> INPUT DATA:
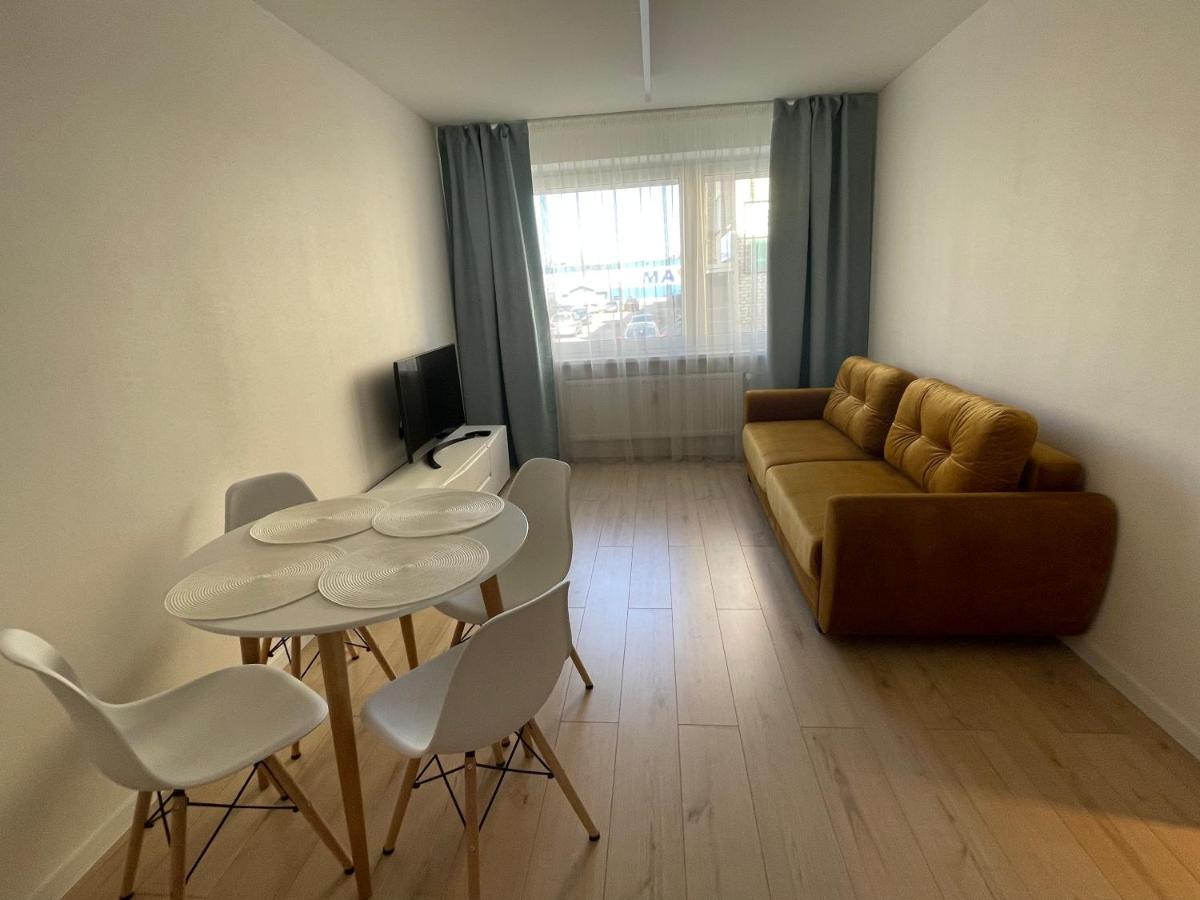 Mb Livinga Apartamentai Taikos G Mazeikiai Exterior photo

...

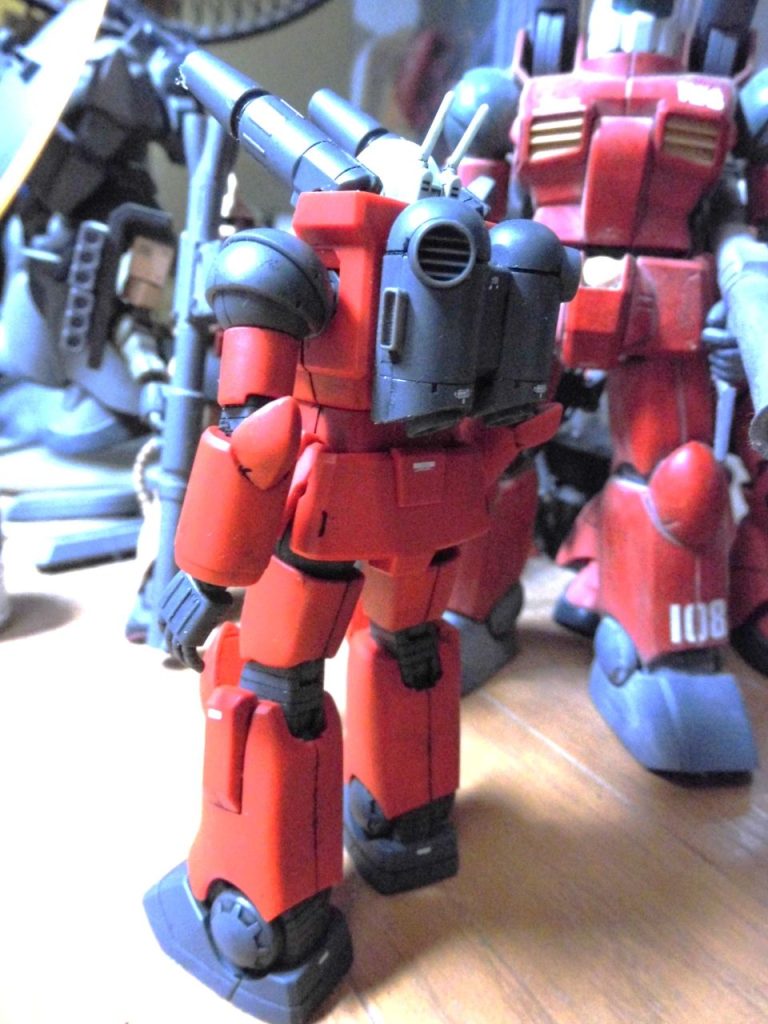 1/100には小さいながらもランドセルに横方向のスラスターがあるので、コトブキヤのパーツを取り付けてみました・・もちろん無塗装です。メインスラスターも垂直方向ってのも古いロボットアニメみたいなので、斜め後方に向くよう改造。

...

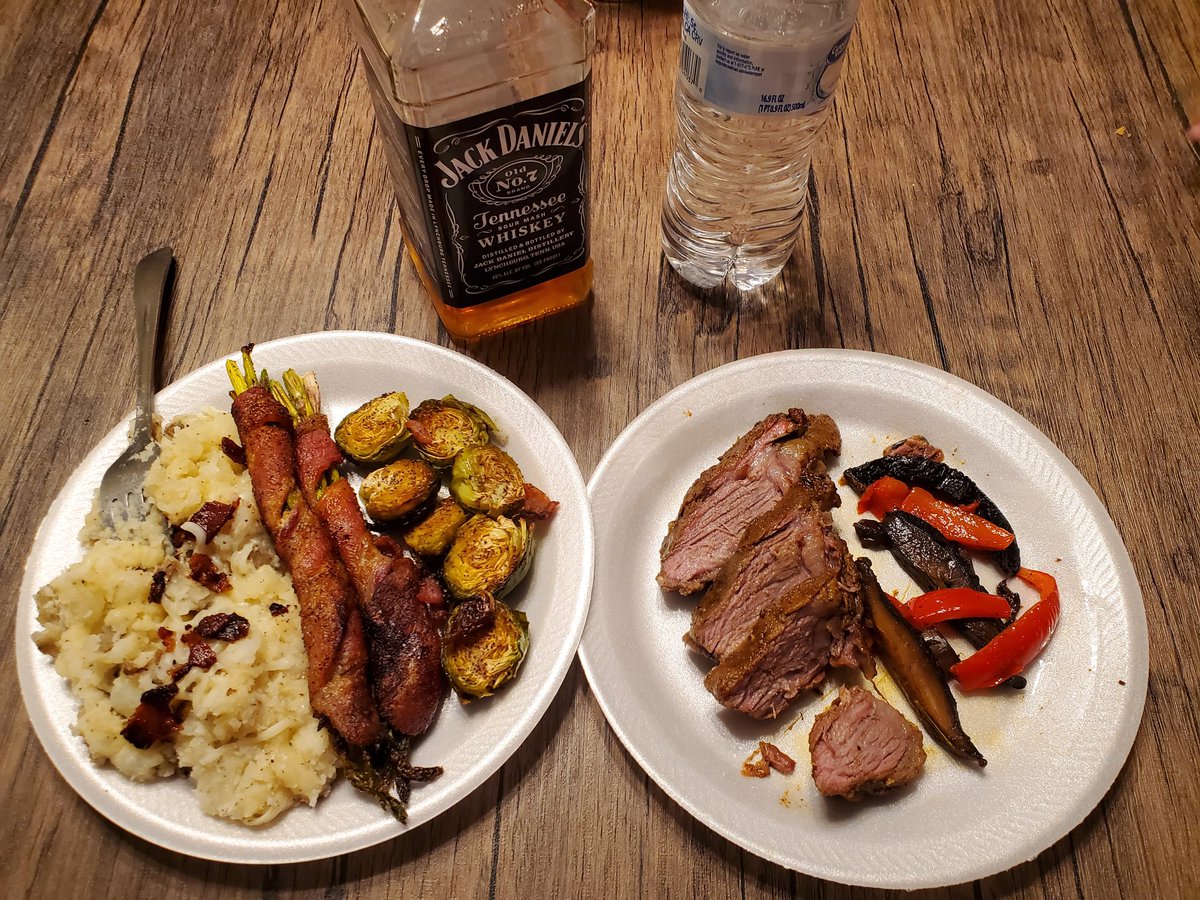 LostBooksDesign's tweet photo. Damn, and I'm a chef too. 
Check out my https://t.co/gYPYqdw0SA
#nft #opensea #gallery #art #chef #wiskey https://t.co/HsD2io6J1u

> ACTIVITY: Within the material above, show every line that includes "https".

> FINISHED EXERCISE:
Check out my https://t.co/gYPYqdw0SA
#nft #opensea #gallery #art #chef #wiskey https://t.co/HsD2io6J1u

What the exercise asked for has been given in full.